Friday, September 23, 2005

The Intelligence Briefing model of journalism

Posted today at PressThink in reference to discussion on the NYT's Times Select paywall:

What's valuable today? Information that comes with a high degree of confidence and carries predictive power.

What's parsley? Politicized opinion, infotainment, stenographic reporting and "analysis" of the obvious.

I think we are in the middle of a paradigm shift that will divide information and commentary into two basic categories: 1. Basic, "unwarranteed" communication, which will continue to be too cheap to meter; 2. Value-added information, which will abandon our Old School value of "fairness" for a model based on the daily intelligence briefing.

When we talk about "objectivity," we tend to talk about its limits. We don't tend to talk about its value. When we talk about commentary, we talk about its slant. We don't tend to talk about its perceptiveness. Our current frame of reference is a newspaper/broadcast model that is based on certain assumptions about "gatekeeper functions," "credibility," "balance," and the mass audience.

When you adopt an intelligence agency perspective, the information gatherer and the information analyst are working for a specific end user, not a general, passive audience.

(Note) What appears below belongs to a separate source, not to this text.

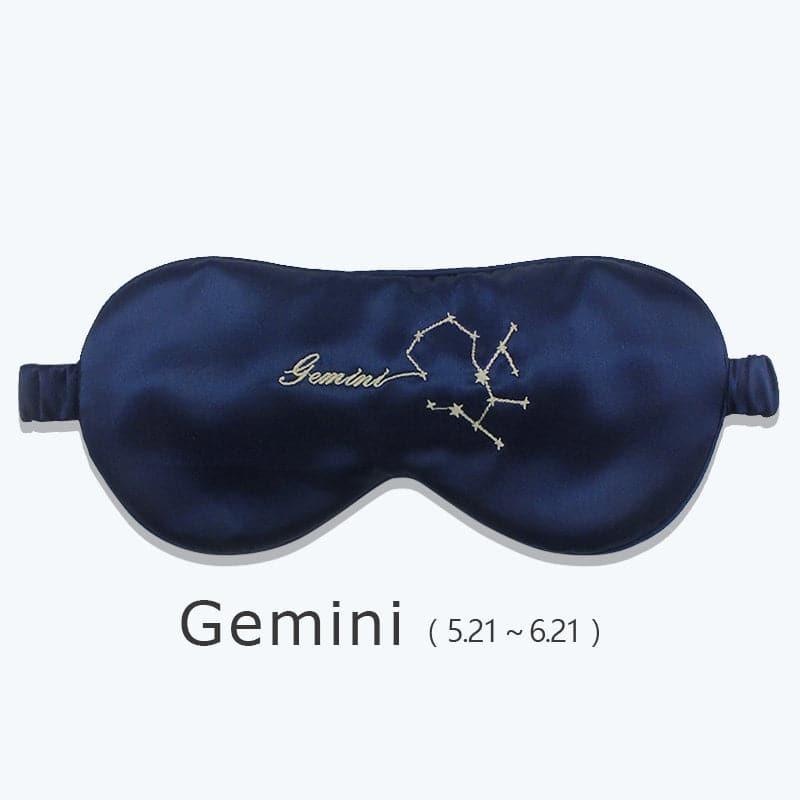 12 Constellation Silk Sleep Mask for Women & Men - Soft & Breathable Eye Mask for Night & Travel - Zodiac Sign Gift for Sleep Aid & Relaxation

This is a radically different relationship. Your loyalty is to your subscriber, not to your sources, not to your political friends. Your value -- your continued employment, for that matter -- is attached to the quality and utility of your information and your insights.

People will pay for such content, and the networked media makes it possible for more people to access such services. These are, ultimately, the "editors" described in the EPIC 2014 animation.

Will people pay for Times Select? Not unless it has this function.